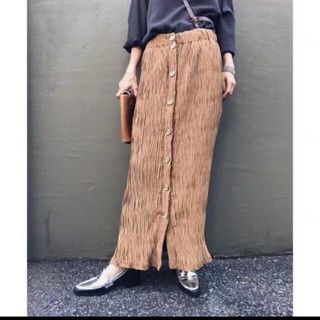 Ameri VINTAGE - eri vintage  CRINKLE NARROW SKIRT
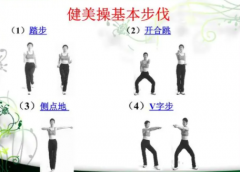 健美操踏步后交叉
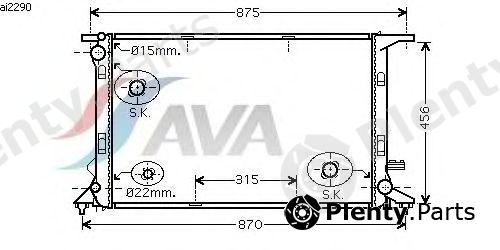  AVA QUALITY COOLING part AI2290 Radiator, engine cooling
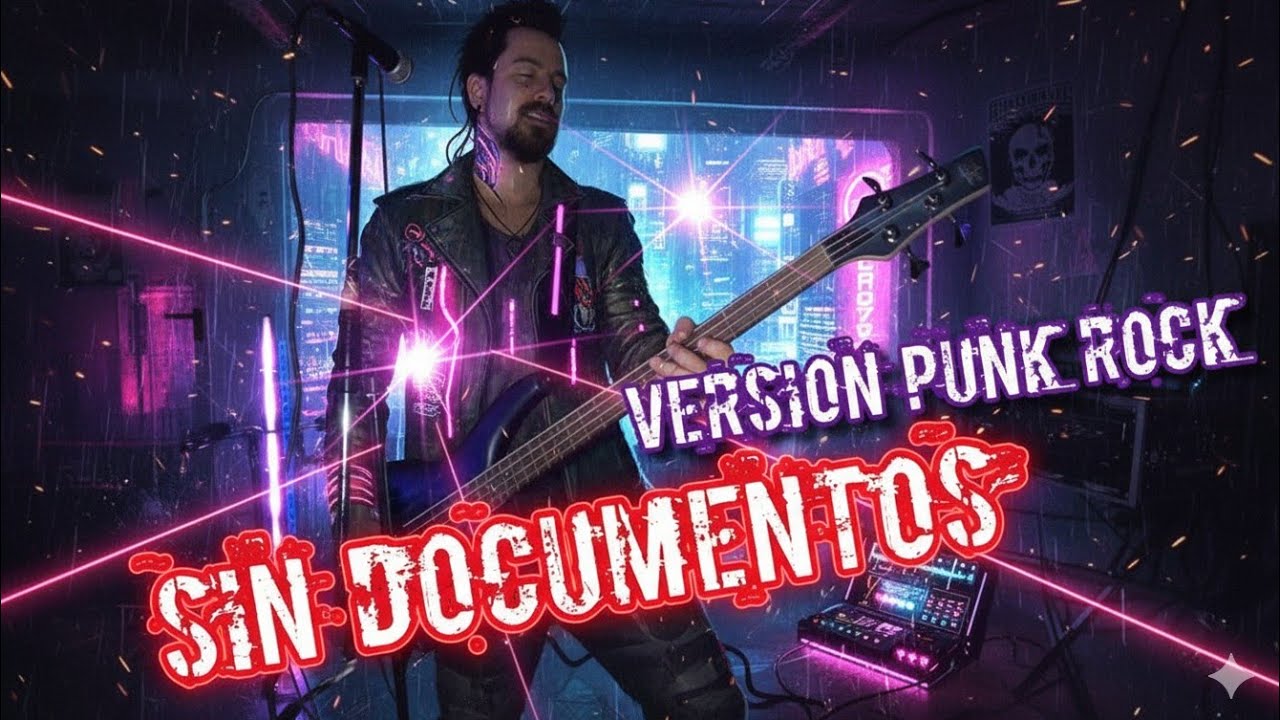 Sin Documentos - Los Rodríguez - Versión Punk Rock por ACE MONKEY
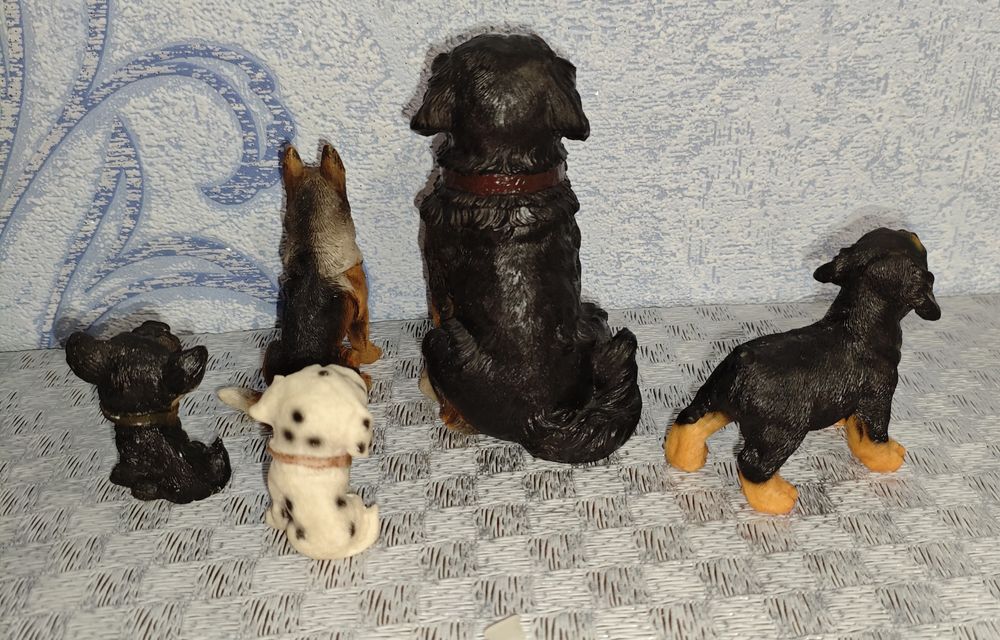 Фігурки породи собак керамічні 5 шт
════
### What you should do
With the pictures excluded, the line containing "AVA QUALITY COOLING" and every line after it through the end of the data above are to be transcribed exactly, and nothing more.

### Expected output
  AVA QUALITY COOLING part AI2290 Radiator, engine cooling
 Sin Documentos - Los Rodríguez - Versión Punk Rock por ACE MONKEY
 Фігурки породи собак керамічні 5 шт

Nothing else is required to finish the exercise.